In some sense, calculating derivatives is straightforward. Most of the functions of interest are sums, scalar multiples, products, quotients, or compositions of common functions whose derivatives we can find. A “brute force” application of the sum, scalar multiple, product, quotient, and chain rules will eventually lead to a correct derivative. Integration is more of an art form. We often have to apply various techniques in order to write down a nice formula for the antiderivatives. We explore some of the common ones here.

1 Preliminary algebraic simplification

A good first step in attempting to compute antiderivatives involves simplifying the integrand first. Doing so requires careful algebra.

Compute:

\[ \int (7-x^2)^2 dx \]

Note first that $(7-x^2)^2 \neq 49-x^4$; we need to expand the integrand by writing out $(7-x^2)(7-x^2)$:

\[ \int (7-x^2)^2 dx = \int \answer [given]{49 - 14x^2 + x^4} dx \]

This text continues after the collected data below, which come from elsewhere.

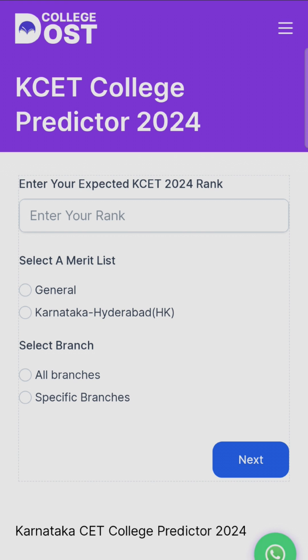But you can check your KCET college predictor. Before that, you can enter your expected KCET 2024 rank in this website. I have given the website in the description box and comment box. You can check from it — it's college-dos.in. So it's a KCET college predictor.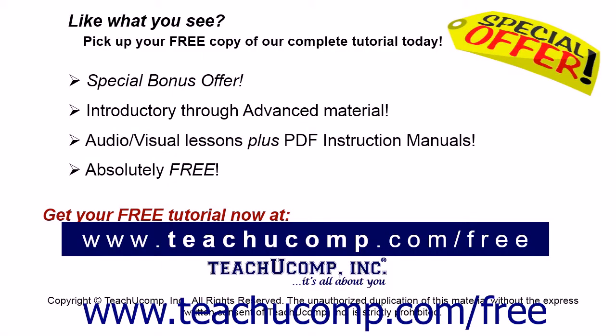Like what you see? Pick up your free copy of the complete tutorial at www.teachucomp.com/free.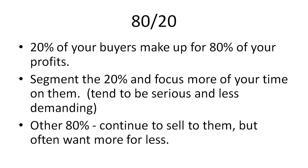The other 80%, not that there's anything wrong with them, you can continue to sell to them and offer them value and stuff like that, but you want to offer them specifically what they want. So you can probably figure that out as time goes on and you actually implement this process, but they often want more or less. They often tend to be more demanding or less money.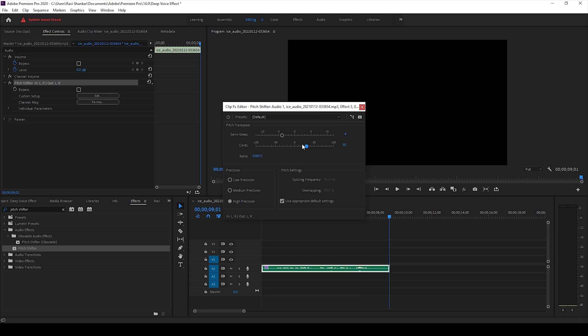So you can always play with the semitones and the sense to make a deep voice effect and add some low pitch to your audio.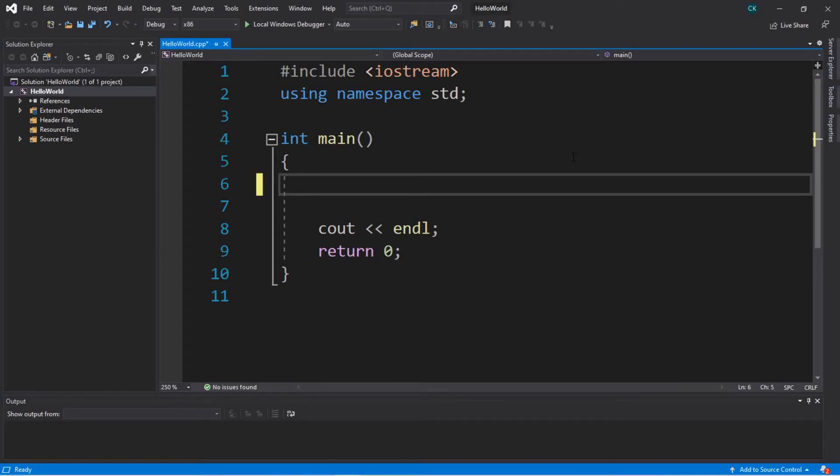Hey, what's going on everybody, it's your bro here. In this video I'm going to teach you guys how we can use if statements in C++. Let's get into it.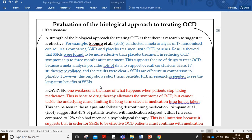This supports the use of drugs to treat OCD because the meta-analysis provides lots of data - 17 studies were collated and the results were clear: SSRIs are effective in comparison to placebo. However, this only shows short-term benefits, as it only showed effectiveness after a three-month period. Further research is therefore needed to see the long-term benefits of SSRIs.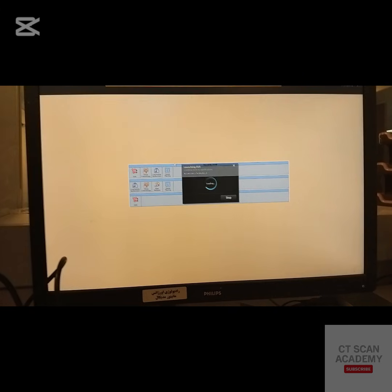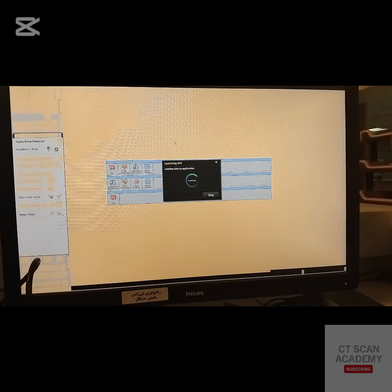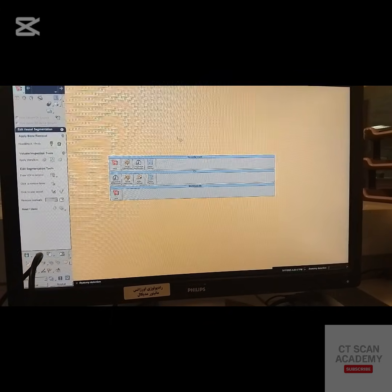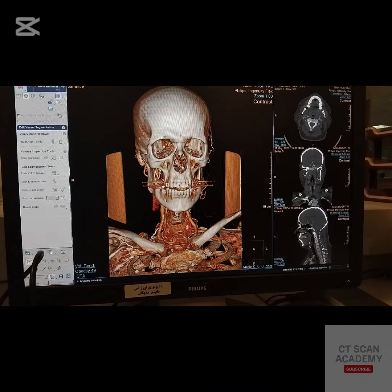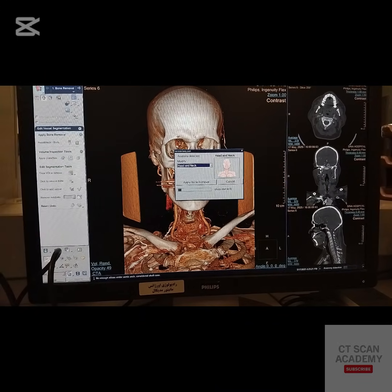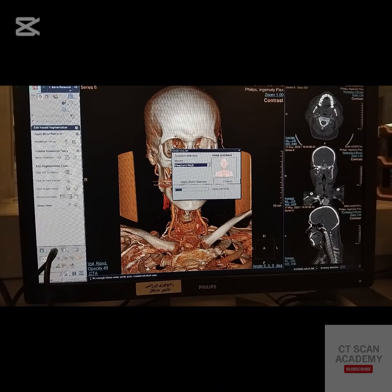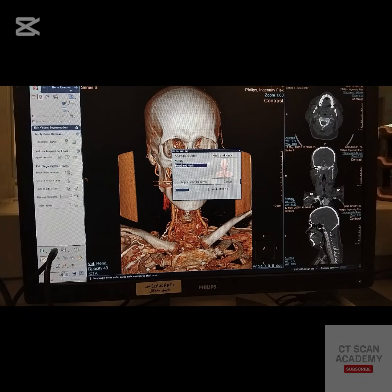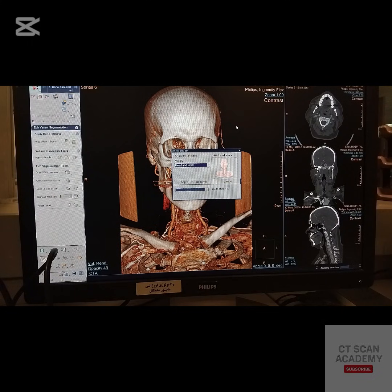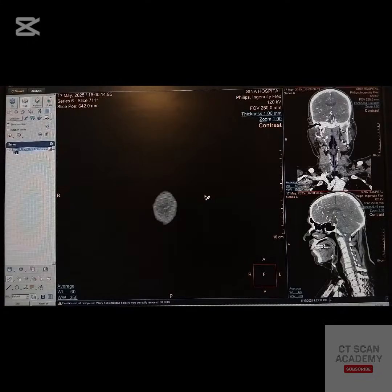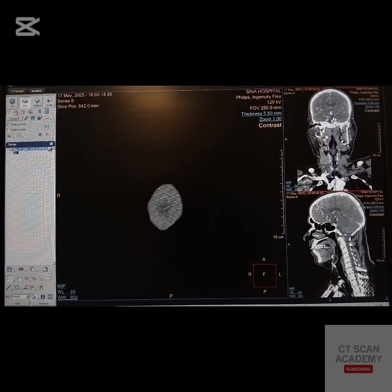Then move to the AVA application. AVA will auto-detect anatomy and begin bone removal. Once bone is removed, perform VRT reconstruction.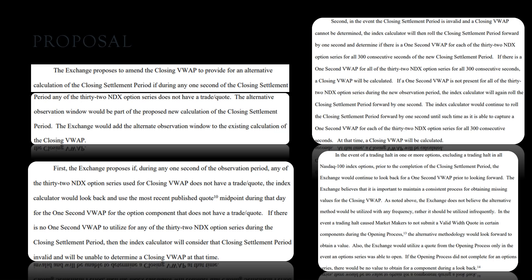At that time, closing VWAP will be calculated. In the event of a trading halt in one or more options, excluding a trading halt in all Nasdaq 100 index options prior to the completion of the closed settlement period, the exchange would continue to look back for a second prior to looking forward. The exchange believes that it is important to maintain a consistent process for obtaining missing values for the closing VWAP. As noted above, the exchange does not believe the alternative method would be utilized with any frequency; rather, it should be utilized infrequently. In the event a trading halt caused market makers to not submit a valid quote in certain components, the alternative methodology would look forward to obtain a value.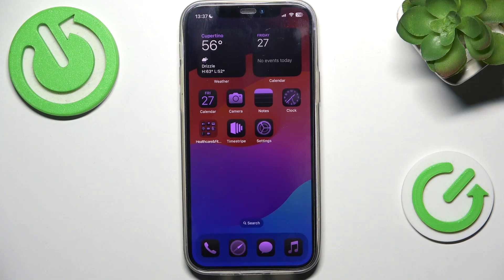Hello, in this video I'm gonna show you how to change your iPhone passcode to a custom number of digits.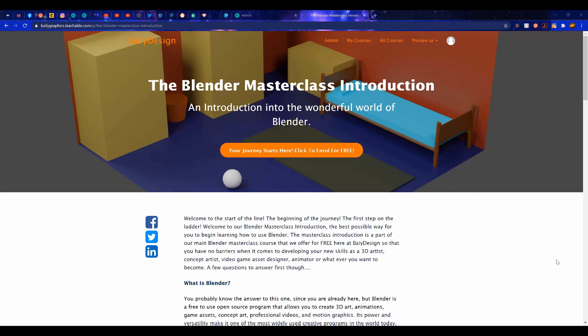If you are interested in learning more about Blender 3D, then check out our Masterclass Introductory Course, available over at our website, baileygraphics.com.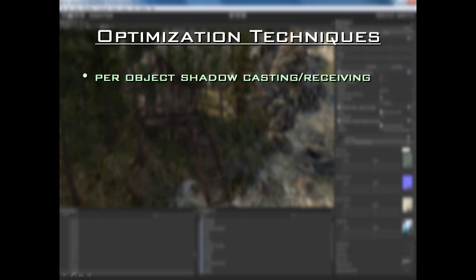What we're going to talk about now is optimization techniques for game development, specifically for next-gen games. Next-gen games look really great, but if they don't play great in terms of performance and frame rate, then it's pretty much pointless — your game will not be fun at all. Especially if you have something fast-paced like an action game or a third or first-person shooter, you're going to have serious issues if your performance is not up to par. A game has to look good and it has to play good as well.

It’s now not difficult to finish the problem:

\[ \int (49 - 14x^2 + x^4) dx = \answer [given]{49x - \frac {14 x^3}{3} + \frac {x^5}{5}} + C \]

Consider the indefinite integral $\int \frac {2x^2-3}{2x^2} dx$.

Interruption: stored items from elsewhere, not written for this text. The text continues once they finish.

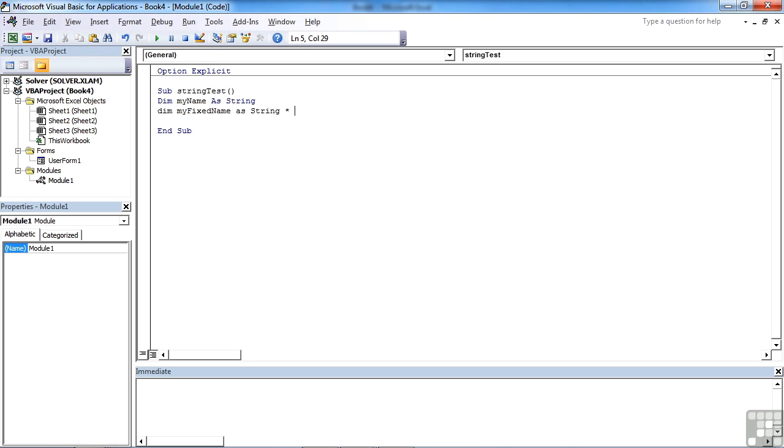So if I were to set my fixed name as a string and I wanted it to be 20 characters long, I would put times 20, and that would now be a fixed length string.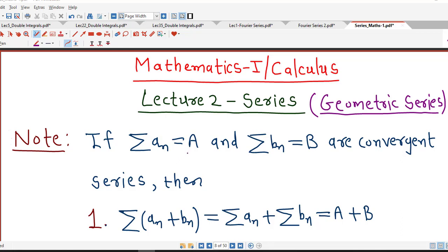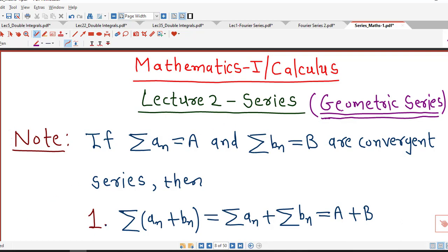Hello friends, welcome to lecture number 2 on series. In this lecture, we are going to discuss geometric series. We will see how to decide the convergence of a series if the given series is a geometric series.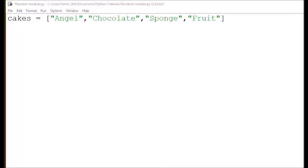Hello and welcome to this Python tutorial. Today we're going to have a look at the random module. One problem that I have in my life is that I don't know what cake I want to eat. So what I'm gonna do is write a computer program that randomly selects a cake from a list for me.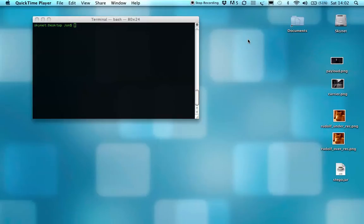This is a walkthrough of my honours project, which is an implementation of the bitplane complexity segmentation algorithm for steganography.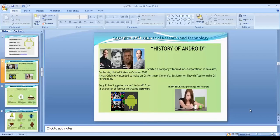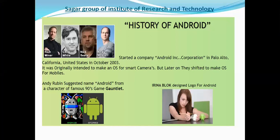Here on the slide, you can see the history of Android. Android also has a history like any other technology. The slide tells us that the history of Android started with Richard Miner, Chris White, and Andy Rubin, who started a company called Android Incorporation in Palo Alto, California, United States in October 2003. It was originally intended to make an operating system for smart cameras, but later they shifted to making operating systems for mobile.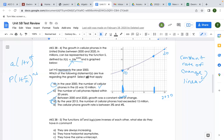The 10 is our initial amount. And what does this e equal?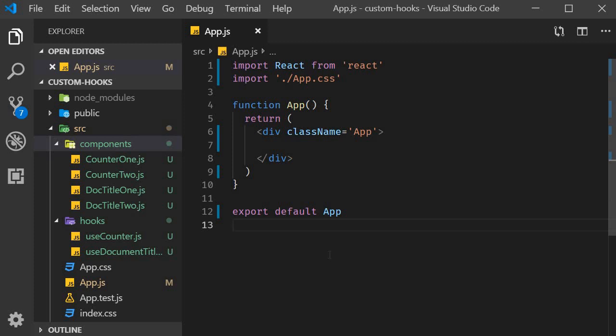Welcome back everyone. For our final example on custom hooks, we are going to take a look at input elements. As before, we will tackle this in two parts. In the first half we will write code without any custom hooks, and in the second half we will move some logic into a custom hook. Let's begin.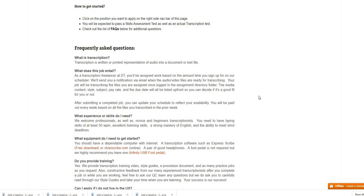What the job entails: as a transcription freelancer at DT you'll be assigned work based on the amount of time that you sign up for on our scheduler. We'll send you a notification via email when the audio video files are ready for transcribing. Your job will be transcribing the files you are assigned once logged in the assignment directory folder. The media content style, subject, pay rate and the due date will also be listed up front so you can decide if it is a good fit for you or not.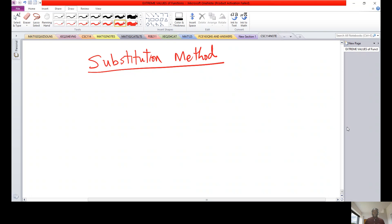In this video lecture we are going to study integration by substitution method. The key thing you need to remember in this method is simply to identify the appropriate U in the integrand and then work out the problem. I will use some examples to illustrate that.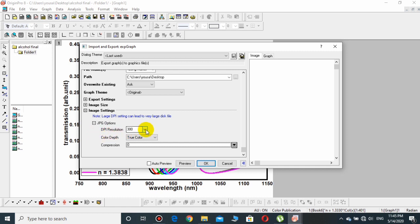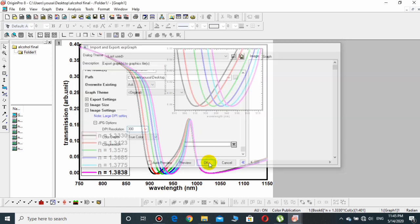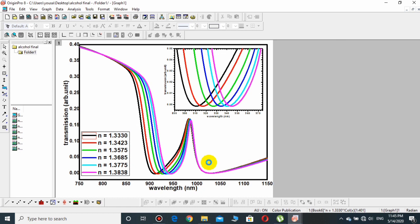Here it is 300 DPI, but if you want to choose any one of them you may choose as well. But I'll prefer 300 because it's okay. Click over OK. After one or two seconds this will be saved.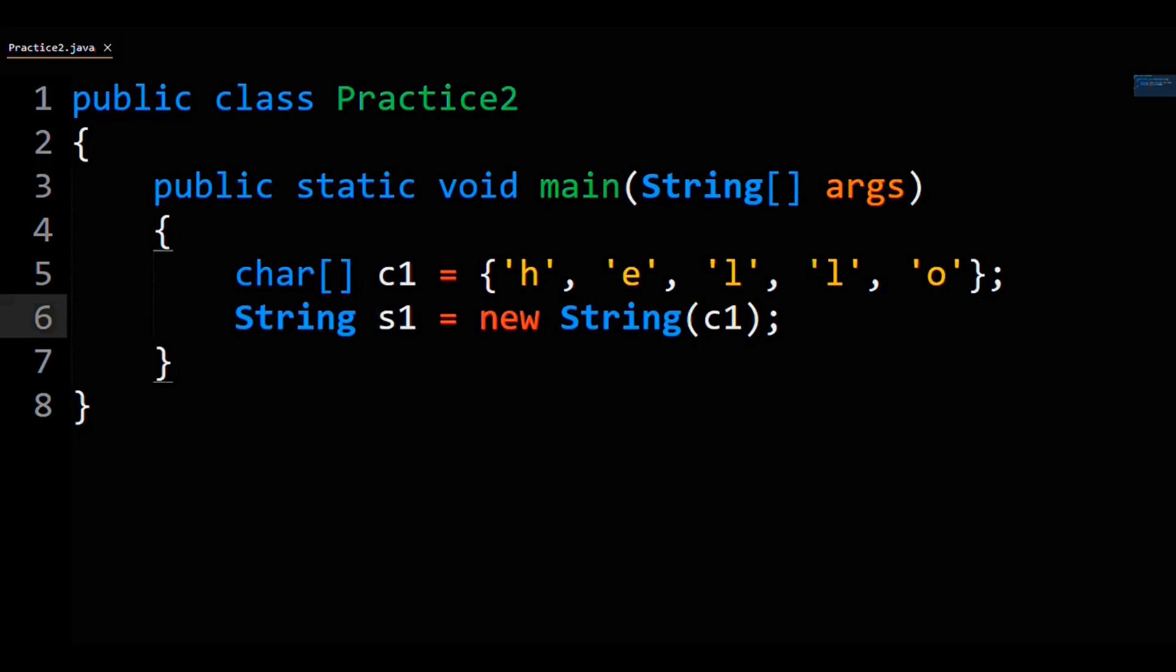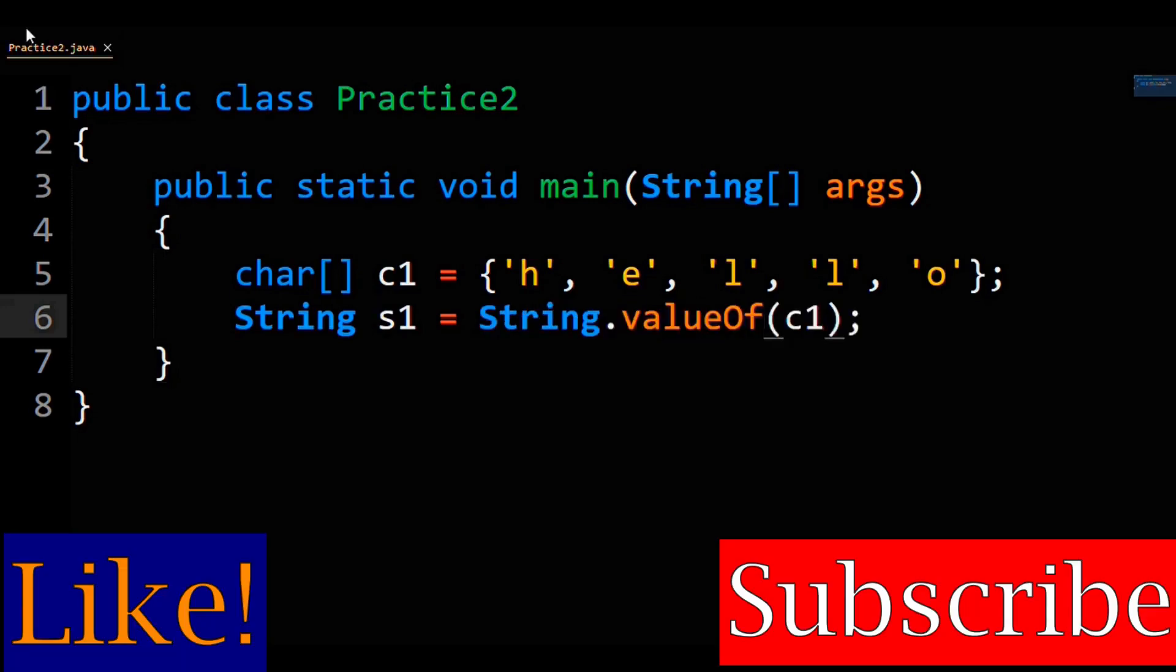you can change this line to string s1 equals string.valueOf the char array. That is the other way to convert a char array to a string in Java.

While it may be tempting, note that $\frac {2x^2-3}{2x^2} \neq \frac {\cancel {2x^2}-3}{\cancel {2x^2}}$. We can never simplify by cancelling terms over addition or subtraction in the denominator. Instead, we can split the fraction up then simplify. \begin{align*} \int \frac {2x^2-3}{2x^2} dx &=\int \frac {2x^2}{2x^2}-\frac {3}{2x^2} dx \\ &= \int 1-\frac {3}{2}x^{-2} dx \\ &= x+ \answer [given]{\frac {3}{2}x^{-1}}+C \end{align*}

2 Substitution

Sometimes, it is helpful to try to recognize when an integral involves reversing the chain rule for differentiation. When an integrand involves a composition of a trigonometric, exponential, or power and another function, letting a new variable represent the inner function helps.

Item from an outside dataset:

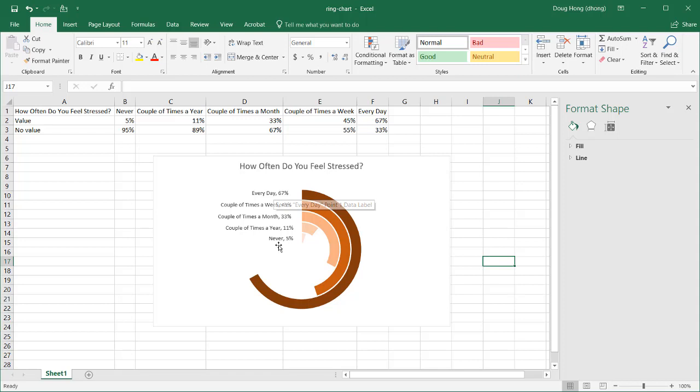We also have our labels to indicate the different answers to this question. This is how you can create a circle progress chart, or ring progress chart — something you've probably seen on dashboards or infographics. It's not too hard to create, it just takes a little bit of time. Thanks for watching.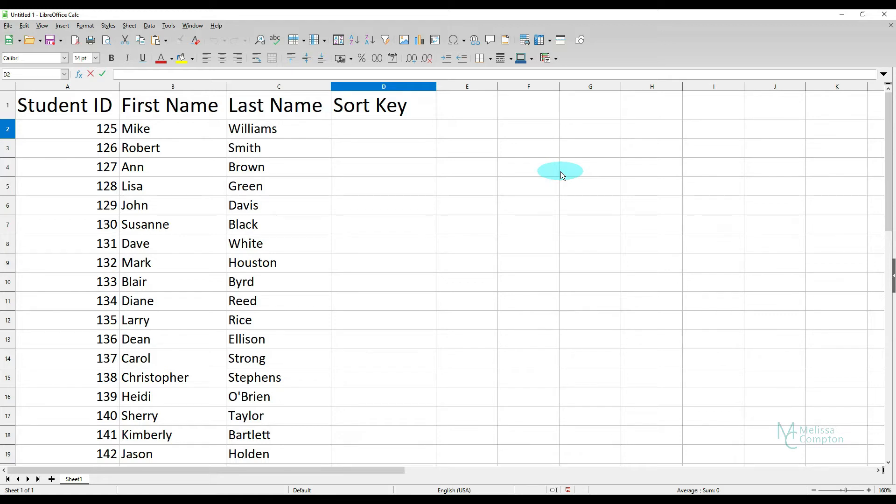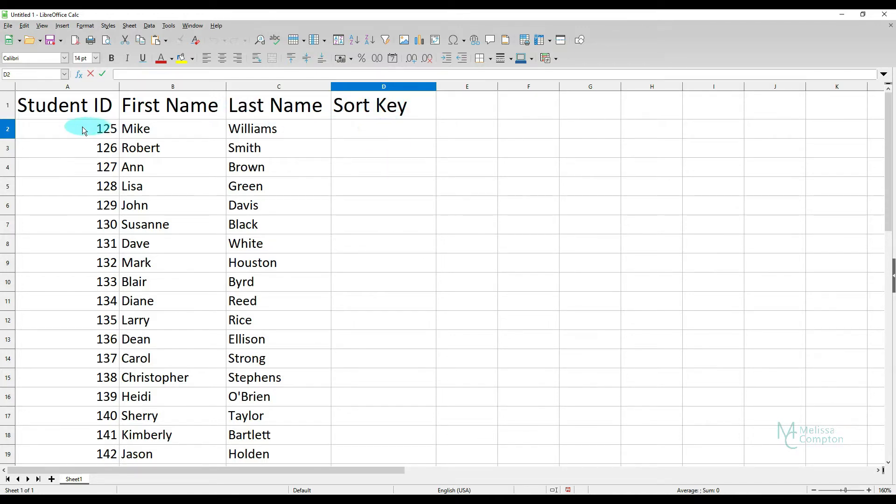So I have a list of student IDs, first name, last name, and then I have a column called Sort Key that we're going to use to randomize this list. Right now it's sorted by student ID.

Consider $\int 2x e^{x^2+1} dx$.

Note that no algebra will help us simplify the expression. The only antidifferentiation formula we have regarding the exponential is $\int e^x dx = e^x +C$. Let’s start by letting the exponent in the original integral be a new variable $u$:

Let $u= x^2+1$. We now need to write everything in the integral in terms of this new variable. Recalling that if $u = f(x)$, the differentials are related by $du = f'(x) dx$, we can write $du = \answer [given]{2x} dx$.

We thus find

The antiderivative in $u$ is now easy to compute.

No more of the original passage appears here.